Egypt attack Libya after Islamic State murders Coptic Christians in video
Islamic State released a video on Sunday to show the beheadings of 21 Egyptian Christians in Libya and President Abdel Fattah al-Sisi warned that his country would respond to the deaths as it saw fit.
Speaking on national television hours after the release of the video, Sisi said Cairo would choose the “necessary means and timing to avenge the criminal killings”.
Egypt’s state news agency MENA quoted the spokesman for the Coptic Church as confirming that 21 Egyptian Christians believed to be held by Islamic State were dead.
A spokesman for the Armed Forces General Command announced airstrikes on state radio Monday, marking the first time Cairo had publicly acknowledged taking military action in neighboring Libya.

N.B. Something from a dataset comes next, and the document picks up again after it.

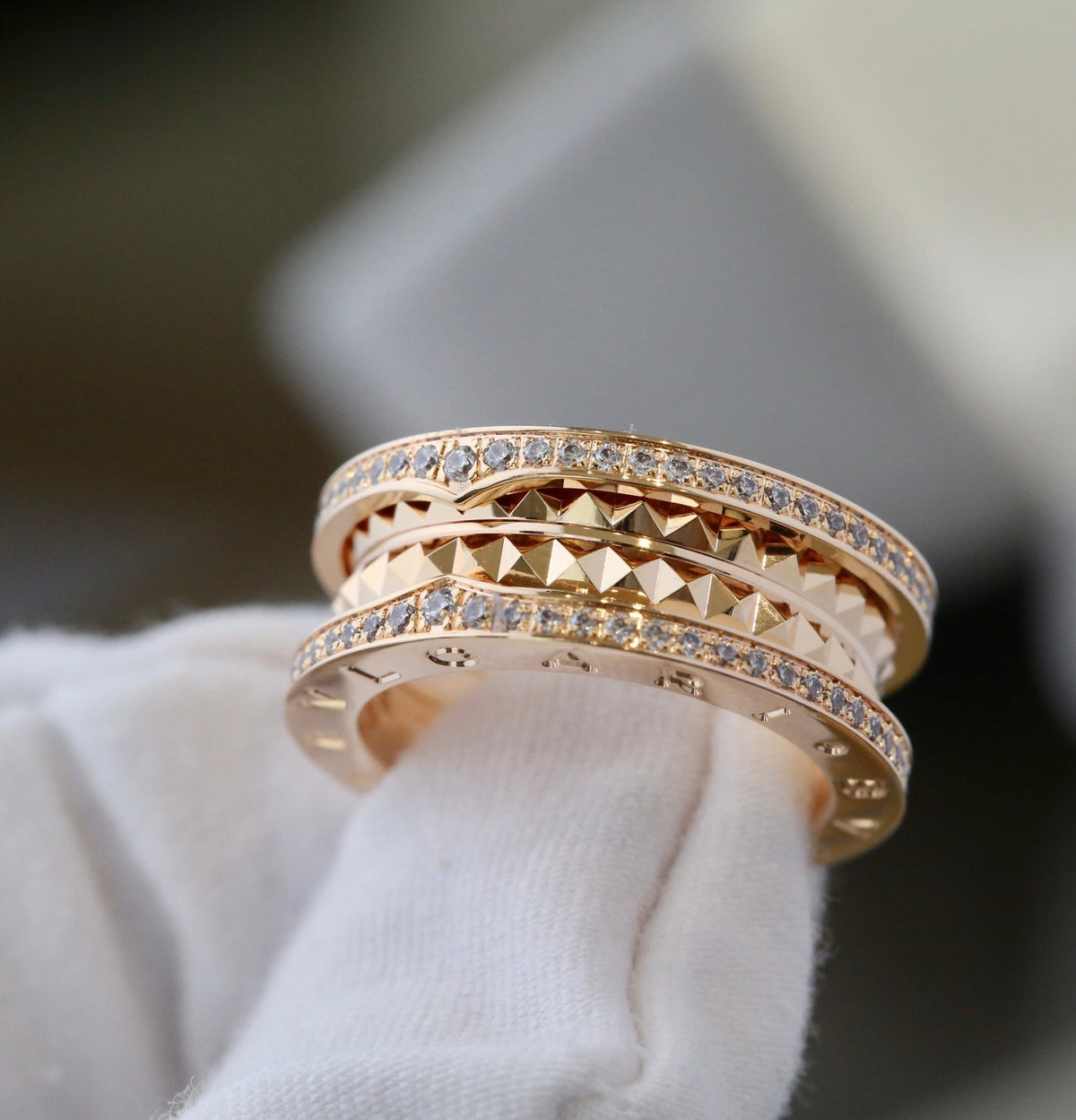[Glow Muse]ZERO 1 GOLD DIAMOND RING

The video, which appeared on the Twitter feed of a website that supports Islamic State (ISIS), depicts several men in orange jumpsuits being led along a beach, each accompanied by a masked militant. The men are made to kneel and one militant, dressed differently than the others, addresses the camera in North American-accented English.
“All crusaders: safety for you will be only wishes, especially if you are fighting us all together. Therefore we will fight you all together,” he said. “The sea you have hidden Sheikh Usama Bin Laden’s body in, we swear to Allah we will mix it with your blood.”
The men are then laid face-down and simultaneously beheaded.
In a statement released Sunday evening, White House press secretary Josh Earnest condemned the purported killing as “despicable” and “cowardly,” adding that the group’s barbarity “knows no bounds.” The White House statement did not refer to the hostages as Christians, but only as “Egyptian citizens” and “innocents.”
“ISIL’s barbarity knows no bounds,” said Earnest, using another acronym for the terror group. “It is unconstrained by faith, sect, or ethnicity. … This heinous act once again underscores the urgent need for a political resolution to the conflict in Libya, the continuation of which only benefits terrorist groups, including ISIL. We call on all Libyans to strongly reject this and all acts of terrorism and to unite in the face of this shared and growing threat.”
Mina Thabet, a researcher at the Egyptian Commission for Rights and Freedoms, who has been communicating regularly with the families of the hostages, said he believed that all but one of the victims in the video were Egyptians.
Thabet blamed the Egyptian government for what he asserted was a delayed response to the hostage crisis. “There is blood on the hands of the authorities who could have saved them but failed to.”
In the weeks between the abduction and the release of the video, the families of the kidnapped Egyptians criticised what they saw as an inadequate response to the kidnapping.
The men’s families complained that Egypt’s ministry of foreign affairs did not immediately respond to their inquiries. One relative said the ministry had advised the families not to speak to the media.